Busted has flexible options for selecting which tests to run. Here is a quick reference of the most commonly used flags:

busted                         -- all *_spec.lua recursively
busted spec/unit/              -- only files in spec/unit/
busted --pattern="user"        -- files matching "user" in the filename
busted --filter="add"          -- tests whose full name contains "add"
busted --filter-out="slow"     -- skip tests whose name contains "slow"
busted --exclude-tags=integration -- skip tests tagged :integration
busted --shuffle               -- randomize test order
busted --seed=12345            -- reproducible random order
busted --repeat=5              -- run the suite 5 times
busted --verbose               -- detailed output
busted --coverage              -- enable LuaCov coverage
busted --lua=/usr/local/bin/lua5.4  -- use a specific interpreter

The --filter option matches against the full concatenated name, which looks like "Calculator add adds two positive numbers". This lets you isolate tests precisely without modifying any test files. Combining --filter with --shuffle and --seed is a useful technique for catching order-dependent test failures that only surface intermittently.

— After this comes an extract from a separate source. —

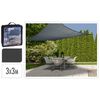 ProGarden Toile d'ombrage 3x3 m Gris fonc&eacute; Carr&eacute;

Configuration with .busted

Busted reads a .busted file in the current directory. It is a Lua table that defines named task profiles, each with its own set of options. Think of it as saved command-line presets that your team can share through version control.

return {
  _all = {
    coverage = false
  },
  default = {
    verbose = true,
    ["suppress-pending"] = true,
    pattern = "_spec"
  },
  ci = {
    coverage = true,
    verbose = true,
    ["exclude-tags"] = "slow"
  },
  unit = {
    tags = "unit",
    ROOT = { "spec/unit" }
  }
}

Note that keys with hyphens must use bracket notation, as in ["suppress-pending"], because Lua table keys with hyphens cannot be accessed with dot syntax. Options are the long CLI names, not short flags. You can run a named task profile with:

busted --run=ci

Without --run, the default task applies. The _all block is merged into every task automatically, so you can set project-wide defaults there while keeping environment-specific overrides in the named profiles. The ROOT key lets you scope a profile to specific directories, which is handy when you have separate unit, integration, and end-to-end test folders all in the same repository.

Code coverage

Busted integrates with LuaCov to give you line-level coverage data without a separate test harness. Install LuaCov first using LuaRocks:

luarocks install luacov

Once LuaCov is installed, the --coverage flag becomes available in busted. Running your suite with this flag instruments every loaded Lua file and records which lines were hit during test execution. The coverage data is collected transparently while your tests run, so there’s no separate instrumentation step to remember:

busted --coverage

This produces luacov.report.out with a textual summary and luacov.report.json for programmatic consumption. If you need a machine-readable format that integrates with common CI dashboards, add a Cobertura reporter to a luacov.lua config file in your project root. For CI systems that understand Cobertura XML — Jenkins, GitLab CI, and most coverage dashboards — add this:

return {
  ["Cobertura"] = "./luacov-cobertura.xml"
}

Lines inside blocks marked with --luacov-disable or coverage = false are excluded from coverage, which is useful for boilerplate that is genuinely hard to test. Use these escapes sparingly — they’re for module-level configuration tables and one-time setup scripts, not for skipping code you haven’t gotten around to writing tests for.

Conclusion

Busted gives Lua developers a proper testing framework with a clean DSL, powerful mocking utilities, and flexible filtering. Start with describe and it blocks, add lifecycle hooks for setup and teardown, reach for spy.on() when you want to observe behaviour without changing it, and use stub() when you need to replace a function’s implementation. Configure your CI run with a .busted file and add --coverage to track line-level testing completeness over time.